** Data supplied follows **

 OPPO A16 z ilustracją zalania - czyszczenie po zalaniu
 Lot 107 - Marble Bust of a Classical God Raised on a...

** End of Data supplied **
** Data supplied follows **

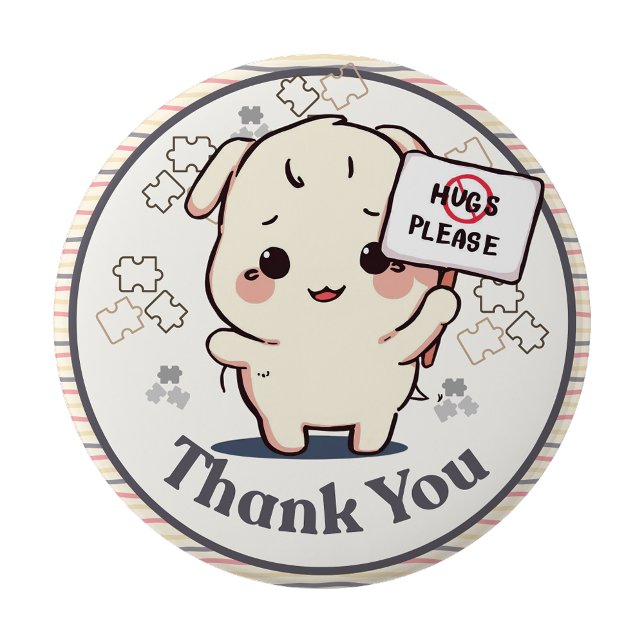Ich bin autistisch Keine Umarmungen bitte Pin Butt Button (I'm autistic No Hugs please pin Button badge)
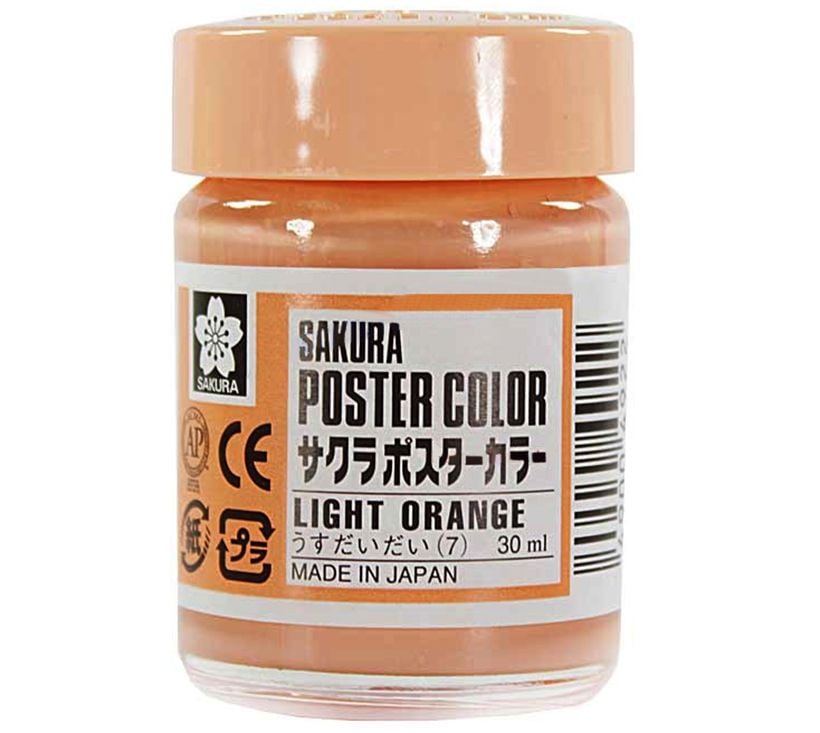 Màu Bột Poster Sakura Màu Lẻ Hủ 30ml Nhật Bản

** End of Data supplied **

Task goal
Using the data above, extract exactly the lines from the one that holds "OPPO A16 z ilustracją" to the one that holds "Lot 107 - Marble", both ends included, and no others.

Completed task
 OPPO A16 z ilustracją zalania - czyszczenie po zalaniu
 Lot 107 - Marble Bust of a Classical God Raised on a...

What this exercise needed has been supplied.